Selanjutnya, juru bicara Anies Sandi mengelaborasi sendiri istilah, atau tepatnya ‘interpretasi Anies Basewedan atas, open-governance yang dikumandangkannya.
Tentulah dipahami publik, bahwa untuk menantang petahana, paslon no.3 harus mengkampanyekan hal-hal baru, gagasan baru yang akan mereka jalankan dalam roda pemerintahannya demi meraih s,impati publik pemilih secara signifikan agar dapat merebut kekuasaan dari pasangan petahana. Maka, dalam konteks sedemikian ingin kita pahami upaya-upaya ‘kreatif’ yang muncul dari paslon no.3. Retorika “asal-baru” bahkan terkadang konyol sekalipun, dalam konteks kampanye dianggap, yah “wajar-wajar sebagai ide
Namun, menurut hemat saya, menjadi tidak wajar bila ide itu dipertentangkan justeru dengan realitas politik dan konsep-konsep yang sedang baru dinikmati publik, perihal good and clean governance, yang lama dianggap lalai diimplementasikan, dan dalam hal ini good aand clean governance direduksikan (di-remeh-temekan) justeru dengan sebuah gagasan “sempalan” atau bagian-kecil dari gerakan besar dan fundamental good and clean governance.
Namun, tentang “open governance” yang dikampanyekan Anies Baswedan, bukan hanya membingungkan paslon petahana Ahok-Djarot yang juga merasa kebingunan “dengan istilah baru ini, tapi mungkin juga (terutama) interpretasi atasnya dan menjadi seolah sebuah “kriteria baru” yang diabaikan pemerinahan pasangan petahana.
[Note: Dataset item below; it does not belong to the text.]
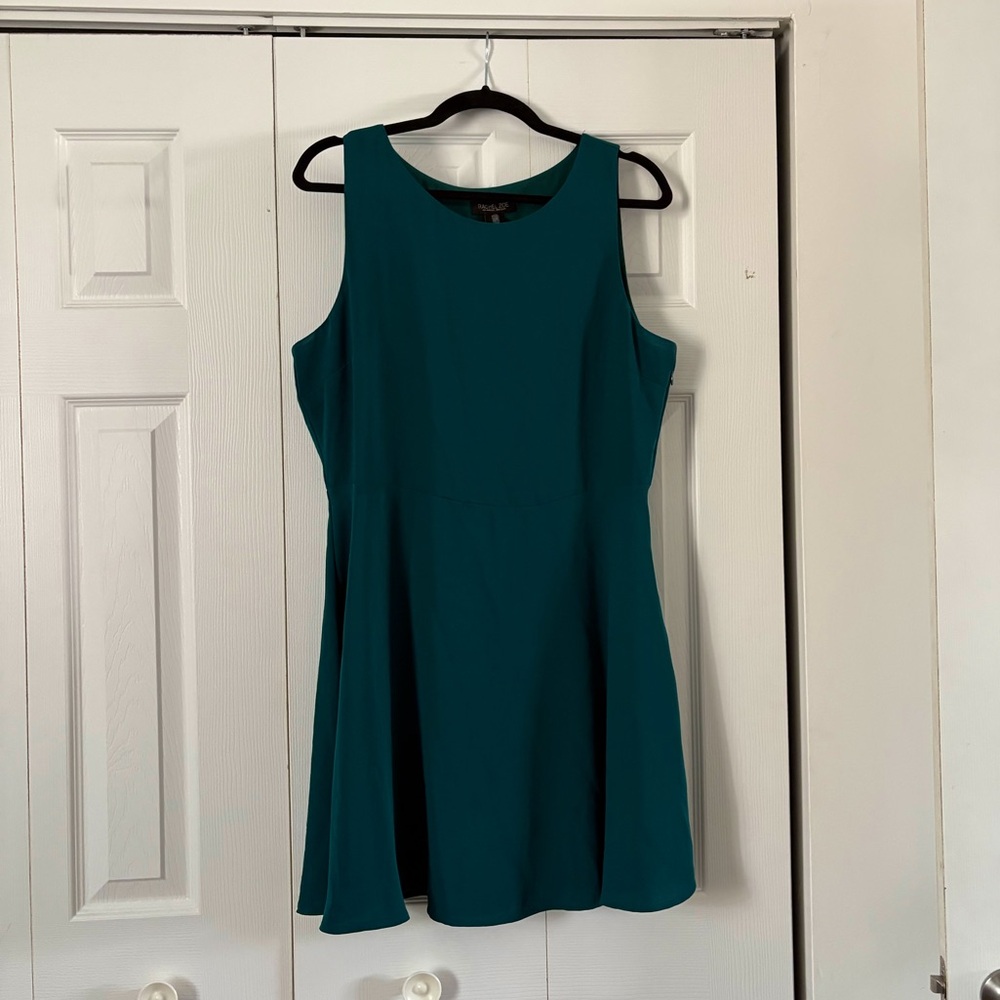 Rachel Zoe deep teal fit n flare cocktail dress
Dalam tulisan singkat padatnya, David Saad Pemerintahan yang Terbuka Tata Kelola,
Right to Know Law, New Hampshire,. Center for Public Integrity, menerangkan hubungan open Government dan Good Governance. Saad mengatakan, “Untuk membuat pemerintah kita lebih terbuka, lebih mudah diakses, dan lebih bertanggung jawab. Saya menawarkan tiga ide berikut untuk perubahan legislatif yang akan membuat lebih mudah bagi kita untuk menggunakan hak kami untuk pemerintahan yang lebih terbuka dan transparan.
Pertama, tidak ada biaya untuk memeriksa catatan pemerintah. Catatan pemerintah kita milik rakyat dan warga negara seharusnya tidak dikenakan biaya untuk mendapatkan akses untuk catatan apa pun. Banyak warga akan kehabisan uang jauh sebelum mereka mencapai tujuan mereka. Bandingkan birokrasi kelurahan hingga provinsi era sebelum dan selama Ahok-Djarot.
Kedua, harus ada catatan (pemberitahuan2) setiap berpapasan semua papan publik, yang menyajikan pemberitahuan publik, sebaliknya tidak ada hal yang disimpan (ditutup-tutupi). Publik tetap punya pembanding.
Ketiga, meningkatkan penegakan hukum. Hukum hanya menjadi bermanfaat sejauh mekanisme penegakan hukum di lapangan untuk memastikan kepatuhan publik.